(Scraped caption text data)
BEGIN

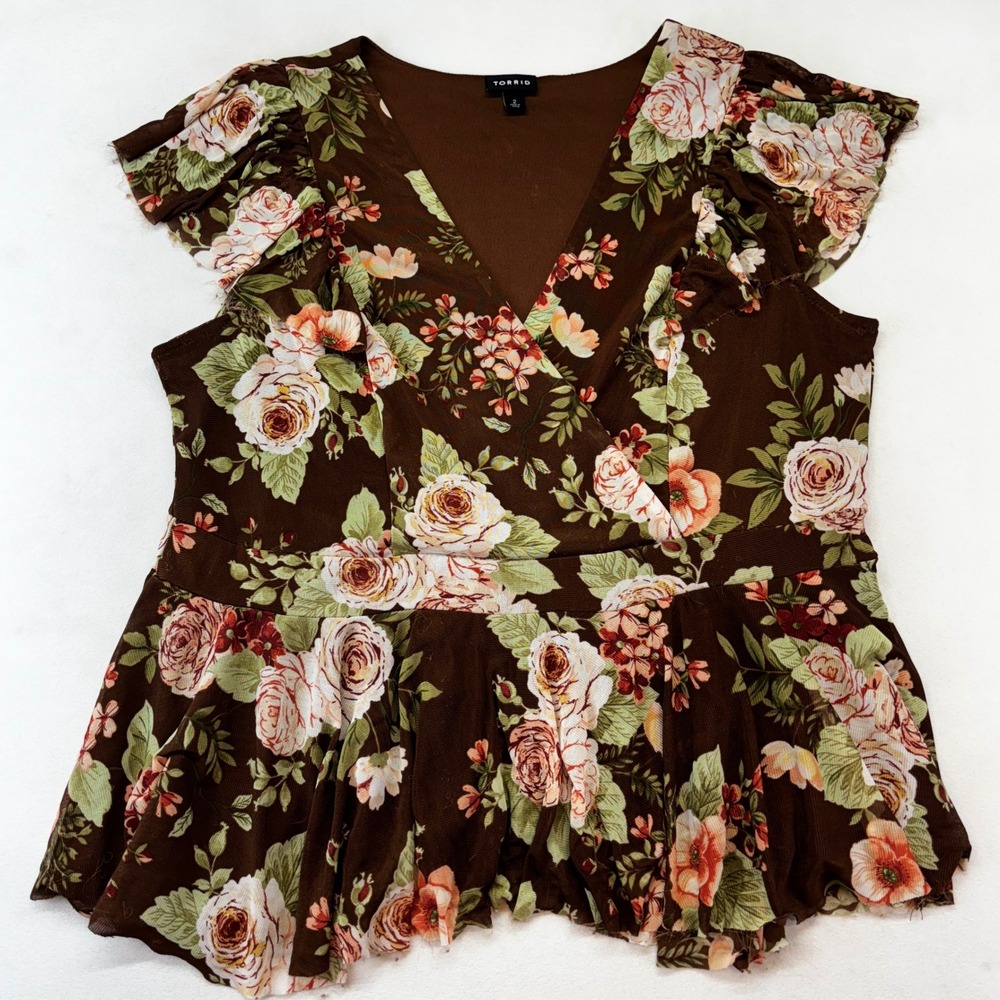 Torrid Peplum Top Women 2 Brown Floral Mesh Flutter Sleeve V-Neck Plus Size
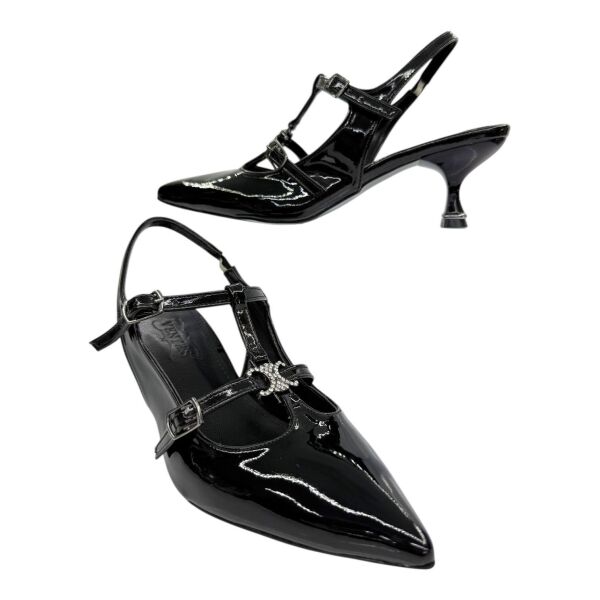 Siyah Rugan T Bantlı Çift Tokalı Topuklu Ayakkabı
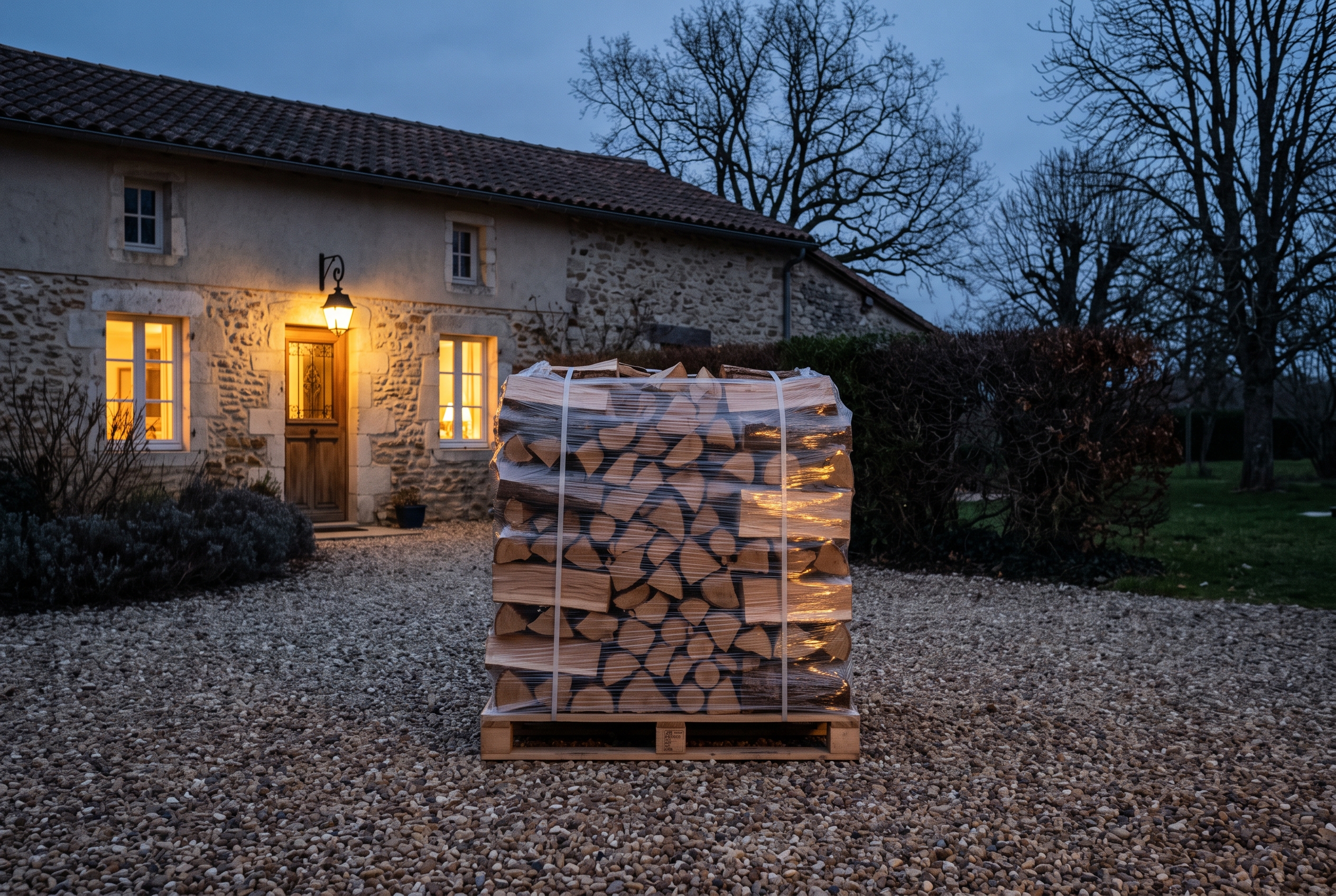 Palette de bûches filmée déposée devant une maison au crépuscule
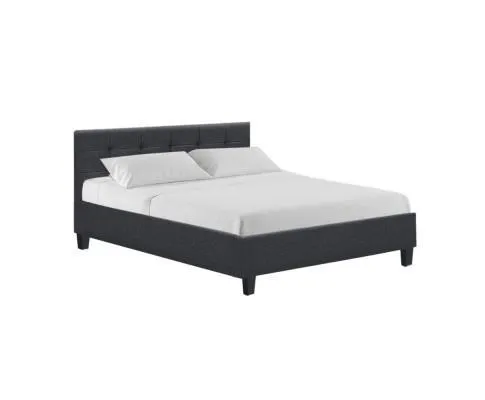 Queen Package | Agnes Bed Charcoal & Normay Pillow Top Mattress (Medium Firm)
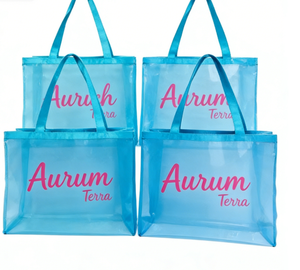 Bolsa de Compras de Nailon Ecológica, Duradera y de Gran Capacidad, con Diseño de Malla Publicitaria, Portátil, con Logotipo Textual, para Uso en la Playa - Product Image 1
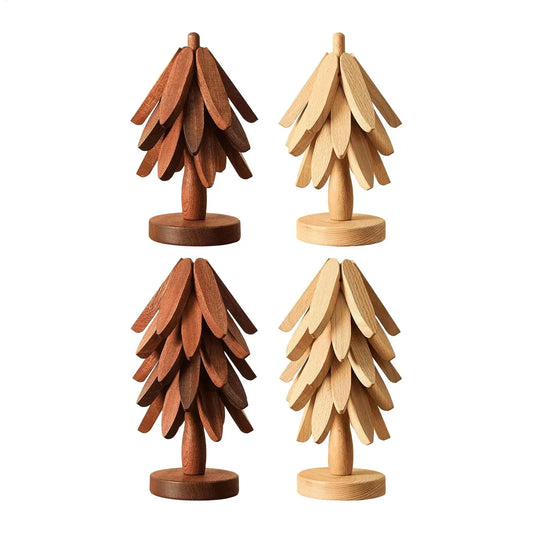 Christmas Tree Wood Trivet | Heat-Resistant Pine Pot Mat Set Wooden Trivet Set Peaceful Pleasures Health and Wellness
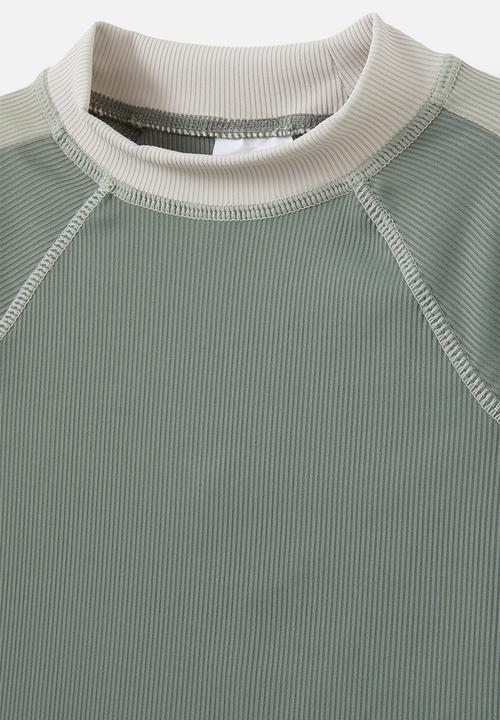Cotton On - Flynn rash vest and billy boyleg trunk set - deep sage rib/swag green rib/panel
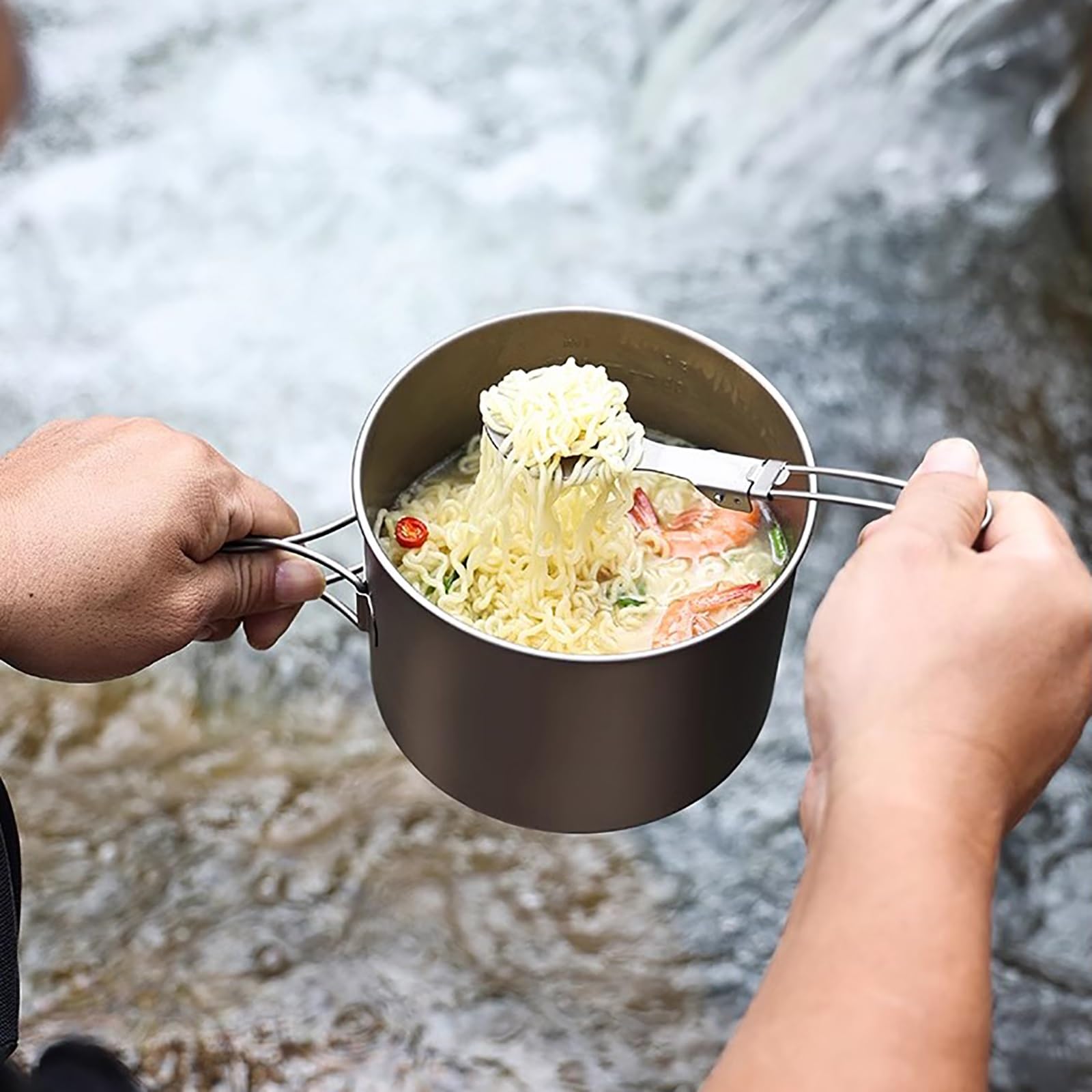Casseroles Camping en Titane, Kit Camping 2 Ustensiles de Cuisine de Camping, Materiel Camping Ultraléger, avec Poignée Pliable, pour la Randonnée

END

- Problem to solve -
Return the entries verbatim without images.

- Answer space -
 Torrid Peplum Top Women 2 Brown Floral Mesh Flutter Sleeve V-Neck Plus Size
 Siyah Rugan T Bantlı Çift Tokalı Topuklu Ayakkabı
 Palette de bûches filmée déposée devant une maison au crépuscule
 Queen Package | Agnes Bed Charcoal & Normay Pillow Top Mattress (Medium Firm)
 Bolsa de Compras de Nailon Ecológica, Duradera y de Gran Capacidad, con Diseño de Malla Publicitaria, Portátil, con Logotipo Textual, para Uso en la Playa - Product Image 1
 Christmas Tree Wood Trivet | Heat-Resistant Pine Pot Mat Set Wooden Trivet Set Peaceful Pleasures Health and Wellness
Cotton On - Flynn rash vest and billy boyleg trunk set - deep sage rib/swag green rib/panel
Casseroles Camping en Titane, Kit Camping 2 Ustensiles de Cuisine de Camping, Materiel Camping Ultraléger, avec Poignée Pliable, pour la Randonnée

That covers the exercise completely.